Saat menanyakan harga, tukang ojeg memberi tawaran menarik selain pilihan kembali ke parkir kendaraan, ialah membawa kami ke Air Tiga Rasa Rejenu. Kepalang tanggung sudah joged jantung sewaktu ke makam, kami menyetujuinya. Perjalanan ke Rejenu meski lebih jauh dan juga menanjak, namun tak semendebarkan saat ke makam. Jaraknya sekitar 3 km, separuhnya mengarah ke utara, artinya memanjat lereng Gunung Muria.

air tiga rasa rejenu kudus

Pemandangan pada undakan yang hendak kami lewati menuju ke Air Tiga Rasa Rejenu Kudus, sebelum bertemu undakan berikutnya yang berujung ke gapura paduraksa elok bergaya Majapahitan. Meskipun cukup banyak jumlah undakannya namun tak sampai membuat lutut goyah. Lagipula hawa yang sejuk serta pemandangan sekitar membuat perjalanan tak begitu terasa.

Ada pohon besar yang ada di area Air Tiga Rasa Rejenu Kudus yang mestinya sudah berumur hampir seratusan tahun, namun terlihat masih kokoh dan kuat. Bagian tengah pohon diselimuti tanaman rambat rimbun. Pohon ini saya kira akan cukup kuat jika saja di atasnya dibuat rumah pohon kecil dari bambu atau kayu untuk bersantai menikmati hawa dan pemandangan sekitar.

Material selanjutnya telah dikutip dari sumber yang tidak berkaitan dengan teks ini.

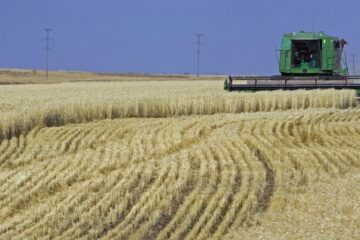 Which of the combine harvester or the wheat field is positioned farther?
the combine harvester

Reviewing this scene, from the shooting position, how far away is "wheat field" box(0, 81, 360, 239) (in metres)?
7.62

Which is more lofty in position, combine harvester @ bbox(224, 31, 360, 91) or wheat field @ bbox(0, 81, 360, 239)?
combine harvester @ bbox(224, 31, 360, 91)

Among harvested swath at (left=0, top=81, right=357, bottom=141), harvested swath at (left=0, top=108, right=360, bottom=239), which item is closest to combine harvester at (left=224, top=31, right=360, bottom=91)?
harvested swath at (left=0, top=81, right=357, bottom=141)

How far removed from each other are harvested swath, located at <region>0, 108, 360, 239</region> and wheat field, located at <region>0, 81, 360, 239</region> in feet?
0.07

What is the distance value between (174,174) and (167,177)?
19 cm

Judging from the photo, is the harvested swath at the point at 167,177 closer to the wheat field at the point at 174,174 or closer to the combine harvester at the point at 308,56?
the wheat field at the point at 174,174

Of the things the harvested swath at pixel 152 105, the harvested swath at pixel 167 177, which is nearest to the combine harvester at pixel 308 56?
the harvested swath at pixel 152 105

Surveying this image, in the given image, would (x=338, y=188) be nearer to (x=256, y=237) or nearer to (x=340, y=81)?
(x=256, y=237)

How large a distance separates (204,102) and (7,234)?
13961 millimetres

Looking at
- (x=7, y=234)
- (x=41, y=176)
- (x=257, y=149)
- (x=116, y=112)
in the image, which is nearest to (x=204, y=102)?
(x=116, y=112)

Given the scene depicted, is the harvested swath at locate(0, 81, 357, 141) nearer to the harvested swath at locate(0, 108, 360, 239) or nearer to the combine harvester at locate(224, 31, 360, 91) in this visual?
the harvested swath at locate(0, 108, 360, 239)

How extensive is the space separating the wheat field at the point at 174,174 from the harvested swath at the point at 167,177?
22 millimetres

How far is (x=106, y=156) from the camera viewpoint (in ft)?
39.9

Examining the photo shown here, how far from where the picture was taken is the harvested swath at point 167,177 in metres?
7.64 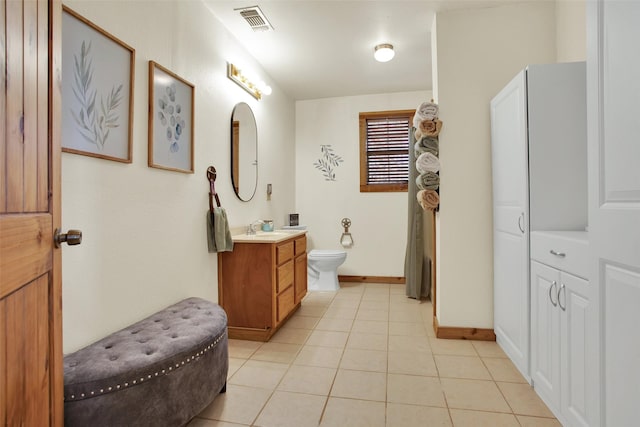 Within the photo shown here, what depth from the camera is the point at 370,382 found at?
1892mm

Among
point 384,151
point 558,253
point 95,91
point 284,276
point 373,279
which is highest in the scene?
point 384,151

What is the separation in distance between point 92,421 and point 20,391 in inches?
23.4

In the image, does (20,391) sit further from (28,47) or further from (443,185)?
(443,185)

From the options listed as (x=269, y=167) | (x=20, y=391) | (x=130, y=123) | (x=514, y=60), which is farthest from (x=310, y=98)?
(x=20, y=391)

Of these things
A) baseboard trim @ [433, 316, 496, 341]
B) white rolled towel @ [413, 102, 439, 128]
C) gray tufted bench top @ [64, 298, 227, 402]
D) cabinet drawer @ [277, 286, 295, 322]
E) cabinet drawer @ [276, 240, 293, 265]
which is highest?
white rolled towel @ [413, 102, 439, 128]

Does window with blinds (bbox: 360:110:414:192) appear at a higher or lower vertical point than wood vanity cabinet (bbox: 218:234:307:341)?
higher

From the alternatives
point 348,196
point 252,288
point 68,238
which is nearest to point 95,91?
point 68,238

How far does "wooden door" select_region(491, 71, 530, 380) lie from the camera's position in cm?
182

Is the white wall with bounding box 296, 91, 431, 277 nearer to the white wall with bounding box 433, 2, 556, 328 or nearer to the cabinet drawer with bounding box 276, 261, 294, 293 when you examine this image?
the cabinet drawer with bounding box 276, 261, 294, 293

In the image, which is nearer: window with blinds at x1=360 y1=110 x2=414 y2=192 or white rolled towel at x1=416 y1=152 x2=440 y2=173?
white rolled towel at x1=416 y1=152 x2=440 y2=173

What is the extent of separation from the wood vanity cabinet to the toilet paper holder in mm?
1913

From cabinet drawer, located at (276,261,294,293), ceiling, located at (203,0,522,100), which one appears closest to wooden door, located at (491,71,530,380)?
ceiling, located at (203,0,522,100)

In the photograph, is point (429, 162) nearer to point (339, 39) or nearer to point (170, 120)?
point (339, 39)

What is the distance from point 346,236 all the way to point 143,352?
3315 mm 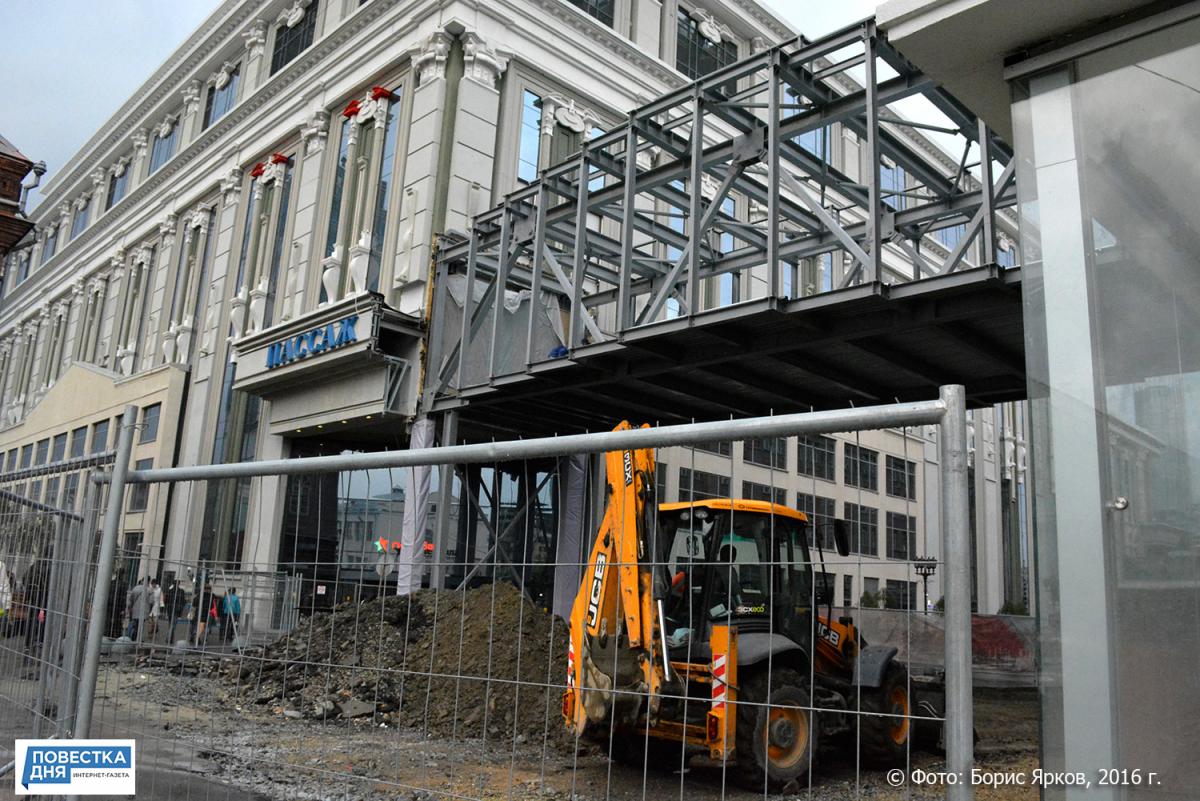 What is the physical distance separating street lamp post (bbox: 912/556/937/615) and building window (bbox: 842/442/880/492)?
25cm

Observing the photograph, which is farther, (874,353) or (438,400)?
(438,400)

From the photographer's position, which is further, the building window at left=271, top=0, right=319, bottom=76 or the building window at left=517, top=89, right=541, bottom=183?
the building window at left=271, top=0, right=319, bottom=76

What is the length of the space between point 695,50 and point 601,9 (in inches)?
174

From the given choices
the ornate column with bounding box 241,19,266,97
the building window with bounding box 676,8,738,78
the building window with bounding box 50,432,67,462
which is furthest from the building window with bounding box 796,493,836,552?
the building window with bounding box 50,432,67,462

Berharap tak ada orang kota rakus yang datang ke Rejenu, dan tak pula ada penduduk rakus yang membolehkan pohon-pohon tua itu ditebang untuk menghias rumah mewah orang kota itu. Selebihnya akan sangat membantu bagi pejalan jika saja di bawah pohon itu dipasang keterangan mengenai nama pohonnya yang bisa digunakan sebagai oleh-oleh cerita, dan perkiraan usianya.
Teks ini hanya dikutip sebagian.